[Problem to solve]: Copying exactly, give the lines in the material below from the one with "Mikrolaineahi Hisense H20MOWS4" to the one with "Ski Nordica Unleashed 98 W", ends included, and nothing besides.
★ ★ ★ ★
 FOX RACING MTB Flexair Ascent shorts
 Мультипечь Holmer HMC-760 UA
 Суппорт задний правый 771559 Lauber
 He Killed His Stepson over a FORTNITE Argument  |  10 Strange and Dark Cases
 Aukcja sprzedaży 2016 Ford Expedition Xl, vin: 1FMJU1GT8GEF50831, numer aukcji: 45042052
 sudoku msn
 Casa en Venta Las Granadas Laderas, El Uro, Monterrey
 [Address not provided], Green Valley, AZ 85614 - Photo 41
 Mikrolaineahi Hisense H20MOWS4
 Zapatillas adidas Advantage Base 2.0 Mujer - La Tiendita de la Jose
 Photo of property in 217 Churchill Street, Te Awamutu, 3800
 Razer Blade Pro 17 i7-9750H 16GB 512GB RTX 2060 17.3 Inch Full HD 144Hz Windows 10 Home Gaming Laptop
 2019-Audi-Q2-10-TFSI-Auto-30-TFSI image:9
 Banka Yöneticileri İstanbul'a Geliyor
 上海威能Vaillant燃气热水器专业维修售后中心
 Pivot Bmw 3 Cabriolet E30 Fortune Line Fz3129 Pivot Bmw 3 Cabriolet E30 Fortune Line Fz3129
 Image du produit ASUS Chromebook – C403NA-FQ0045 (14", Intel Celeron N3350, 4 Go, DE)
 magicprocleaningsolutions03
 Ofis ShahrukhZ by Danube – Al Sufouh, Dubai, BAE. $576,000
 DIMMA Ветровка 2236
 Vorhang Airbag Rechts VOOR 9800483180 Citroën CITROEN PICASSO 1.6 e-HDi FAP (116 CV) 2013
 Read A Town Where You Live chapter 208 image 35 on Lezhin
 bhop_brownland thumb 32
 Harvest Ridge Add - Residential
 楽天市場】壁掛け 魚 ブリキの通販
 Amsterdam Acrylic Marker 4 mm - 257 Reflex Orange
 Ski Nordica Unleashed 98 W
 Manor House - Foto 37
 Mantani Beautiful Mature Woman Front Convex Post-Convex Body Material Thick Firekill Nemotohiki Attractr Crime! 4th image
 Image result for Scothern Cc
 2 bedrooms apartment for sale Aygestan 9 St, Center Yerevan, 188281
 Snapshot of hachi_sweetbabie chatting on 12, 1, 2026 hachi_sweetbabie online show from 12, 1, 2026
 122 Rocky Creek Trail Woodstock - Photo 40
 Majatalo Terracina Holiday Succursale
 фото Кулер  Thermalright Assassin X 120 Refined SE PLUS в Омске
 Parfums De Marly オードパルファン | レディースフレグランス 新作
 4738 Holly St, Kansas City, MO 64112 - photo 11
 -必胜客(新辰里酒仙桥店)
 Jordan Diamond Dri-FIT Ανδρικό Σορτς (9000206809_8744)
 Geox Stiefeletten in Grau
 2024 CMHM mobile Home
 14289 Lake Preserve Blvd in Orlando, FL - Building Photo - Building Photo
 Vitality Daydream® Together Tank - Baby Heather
★ ★ ★ ★
[Exercise result]:
 Mikrolaineahi Hisense H20MOWS4
 Zapatillas adidas Advantage Base 2.0 Mujer - La Tiendita de la Jose
 Photo of property in 217 Churchill Street, Te Awamutu, 3800
 Razer Blade Pro 17 i7-9750H 16GB 512GB RTX 2060 17.3 Inch Full HD 144Hz Windows 10 Home Gaming Laptop
 2019-Audi-Q2-10-TFSI-Auto-30-TFSI image:9
 Banka Yöneticileri İstanbul'a Geliyor
 上海威能Vaillant燃气热水器专业维修售后中心
 Pivot Bmw 3 Cabriolet E30 Fortune Line Fz3129 Pivot Bmw 3 Cabriolet E30 Fortune Line Fz3129
 Image du produit ASUS Chromebook – C403NA-FQ0045 (14", Intel Celeron N3350, 4 Go, DE)
 magicprocleaningsolutions03
 Ofis ShahrukhZ by Danube – Al Sufouh, Dubai, BAE. $576,000
 DIMMA Ветровка 2236
 Vorhang Airbag Rechts VOOR 9800483180 Citroën CITROEN PICASSO 1.6 e-HDi FAP (116 CV) 2013
 Read A Town Where You Live chapter 208 image 35 on Lezhin
 bhop_brownland thumb 32
 Harvest Ridge Add - Residential
 楽天市場】壁掛け 魚 ブリキの通販
 Amsterdam Acrylic Marker 4 mm - 257 Reflex Orange
 Ski Nordica Unleashed 98 W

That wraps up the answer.